En estados como Aguascalientes, Chihuahua y Sinaloa, se han emitido sanciones, cancelado conciertos y aprobado iniciativas que prohíben canciones asociadas al crimen organizado o que, según las autoridades, “hacen apología del delito”. No cabe duda de que hay preocupación legítima sobre el tipo de mensajes que consumen los jóvenes. Pero el enfoque está desviado: se pretende apagar el fuego soplando el humo.

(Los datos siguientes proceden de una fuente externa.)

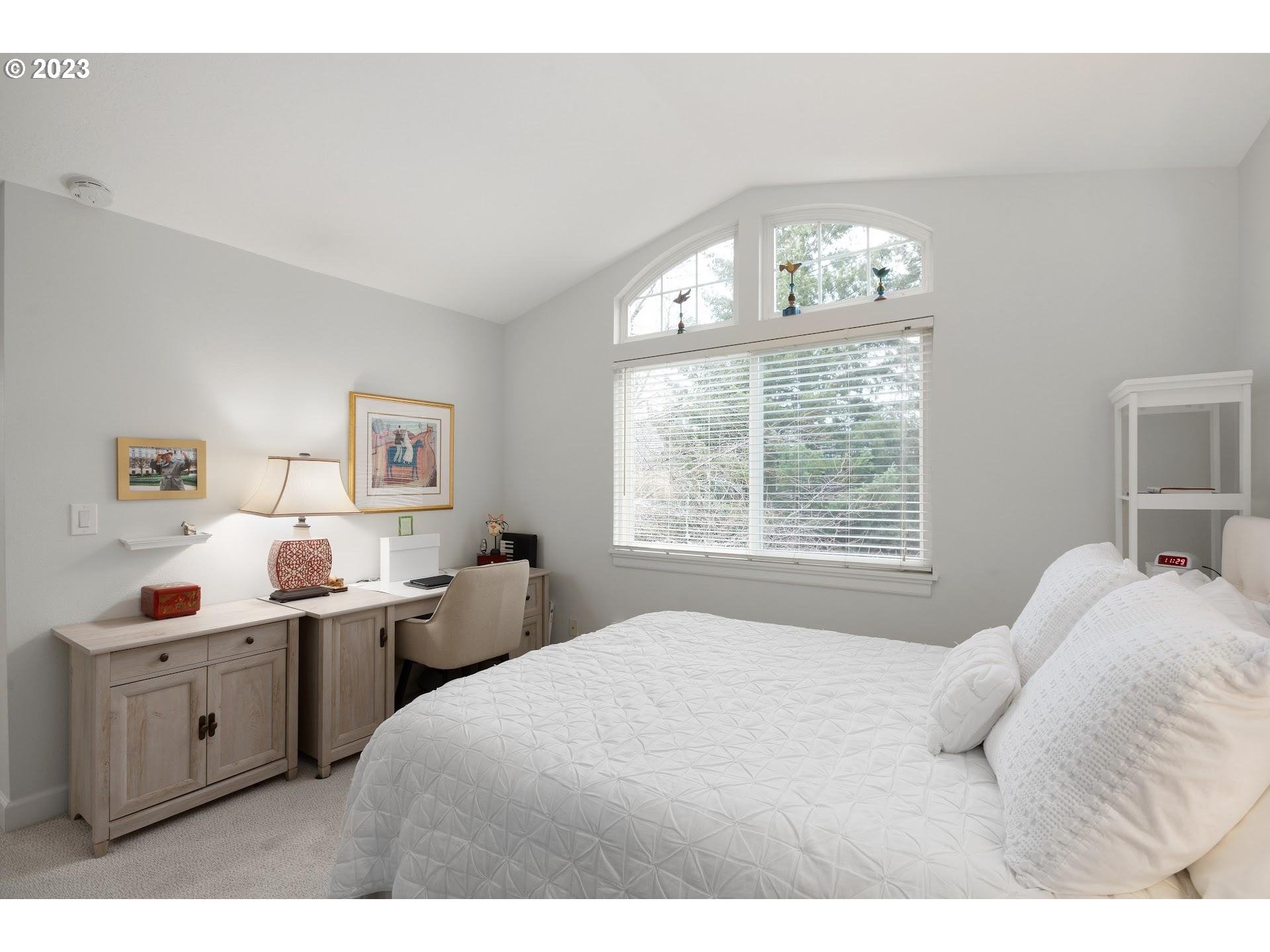 9729 Northwest Silver Ridge Loop Portland, OR 97229 - Photo 26 of 32 a bedroom with a bed and a window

La música —como cualquier forma de arte— no se produce en el vacío. Las letras de estos corridos no generan violencia; retratan una realidad violenta que ya existe, y que se vive con intensidad en estados como el nuestro. La inseguridad, la impunidad y la falta de oportunidades también son parte de la cultura, y ahí están, reflejadas en el repertorio de estos nuevos intérpretes. No son los culpables; son el espejo.

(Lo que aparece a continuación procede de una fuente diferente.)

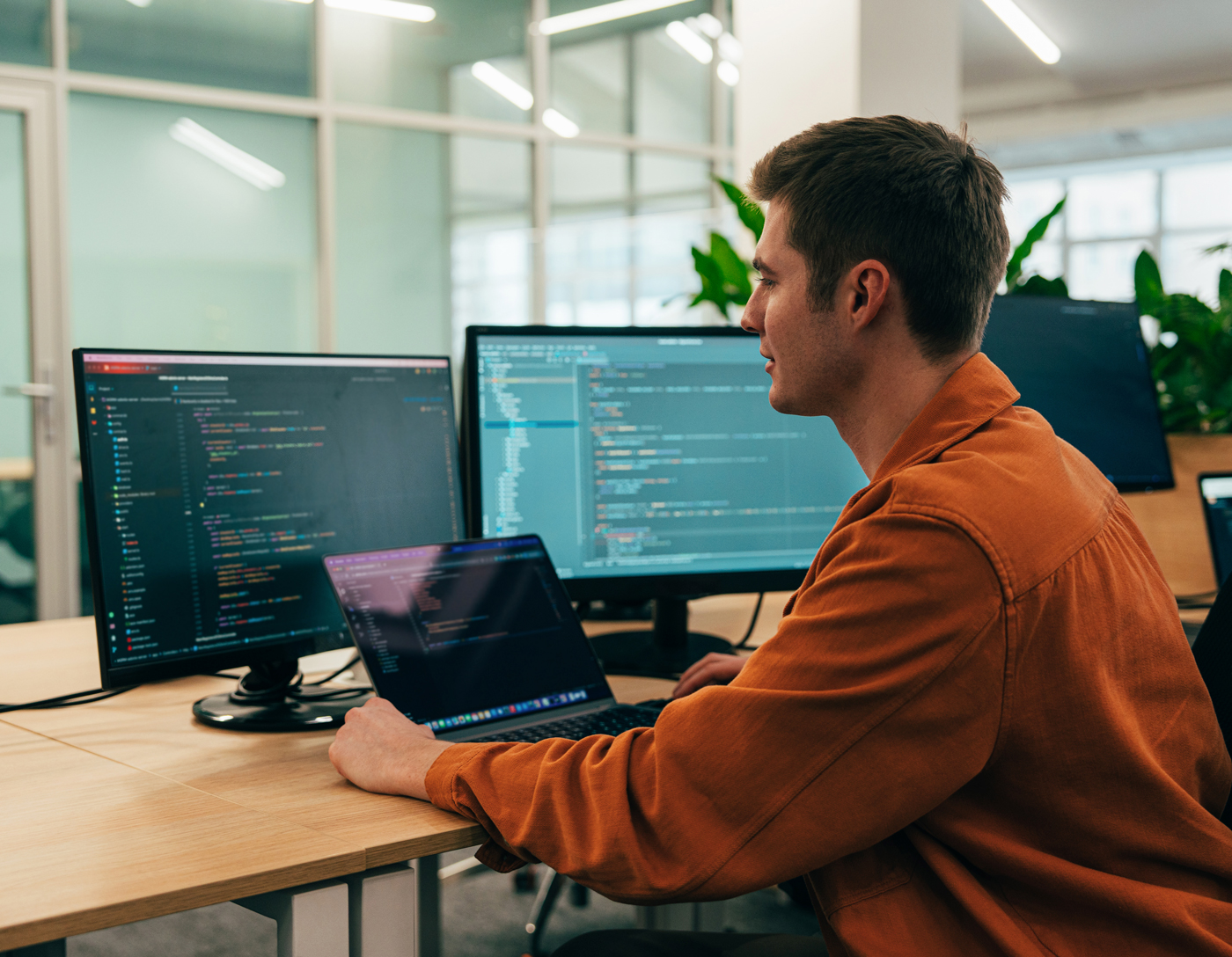 Shopify developer working on custom ecommerce store build at computer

Desde el gobierno y ciertos sectores de la sociedad, se alzan voces que claman por la prohibición. Pero pocos se atreven a preguntarse qué está fallando para que un joven sinaloense de 16 años se sienta más identificado con la letra de una rola de Peso Pluma que con el discurso oficial de algún político. Esa es la conversación que realmente vale la pena dar.

Y es que no se trata de defender ciegamente el contenido de estas canciones —muchas veces misógino, violento, vacío de crítica—, sino de entender su origen. La pobreza, la falta de movilidad social, la narcoeconomía y el abandono institucional no se corrigen con censura. En Sinaloa sabemos bien que no basta con prohibir: hay que transformar. Y para transformar, hay que escuchar lo que no queremos oír.

Muchos de los jóvenes que consumen esta música, que la cantan y la corean con pasión, lo hacen porque ahí encuentran una identidad, un lenguaje propio, una válvula de escape. El corrido tumbado les habla sin filtros ni eufemismos. Les dice lo que nadie más se atreve. Y eso, más allá del juicio moral, tiene un valor simbólico que las autoridades no deberían subestimar.

La industria musical también enfrenta un dilema: ¿cómo equilibrar la rentabilidad con la responsabilidad social? ¿Cómo abrir espacios para el arte sin que se conviertan en tribuna del crimen? El reto no es menor, pero la respuesta difícilmente está en el veto.

Si de historia musical hablamos, Sinaloa tiene autoridad. Desde Chalino Sánchez hasta los ya mencionados Tigres del Norte, los corridos han sido crónica viva del México profundo. No hay que idealizar ese pasado, pero sí entender que el arte popular siempre ha estado marcado por el contexto social. Lo que cambia es el ritmo, no la raíz.

Prohibir un corrido no elimina la violencia que lo inspiró. Cancelar un concierto no le da alternativas a un joven que vive rodeado de impunidad. Callar una canción puede incluso convertirla en himno de resistencia, como ya ha sucedido. Y entonces, ¿de qué sirve?

En momentos como este, se necesita madurez política, sensibilidad cultural y pensamiento crítico. Las posturas absolutas —ya sea de prohibición total o de defensa a ultranza— solo polarizan y entorpecen el debate. Es necesario abrir espacios para discutir, analizar y construir nuevas formas de expresión que conecten sin glorificar el daño.

Sinaloa tiene la capacidad para ser vanguardia en esa discusión. Porque sabemos lo que es vivir con miedo, pero también con música. Porque entendemos que los corridos no son el problema, sino una parte del relato. Y porque si algo hemos aprendido como sociedad, es que cuando el Estado guarda silencio, el pueblo canta.

En vez de censurar, toca educar. En vez de prohibir, toca proponer. Y en vez de perseguir artistas, toca garantizar que los jóvenes tengan opciones de vida digna más allá de las letras que escuchan. Porque al final del día, en México no basta con echarle ganas. Hace falta un Estado presente, coherente y con la voluntad de enfrentar las raíces del problema.

La música seguirá sonando. Y mientras no cambiemos la realidad que la inspira, seguiremos escuchando los mismos acordes de siempre, aunque intentemos callarlos.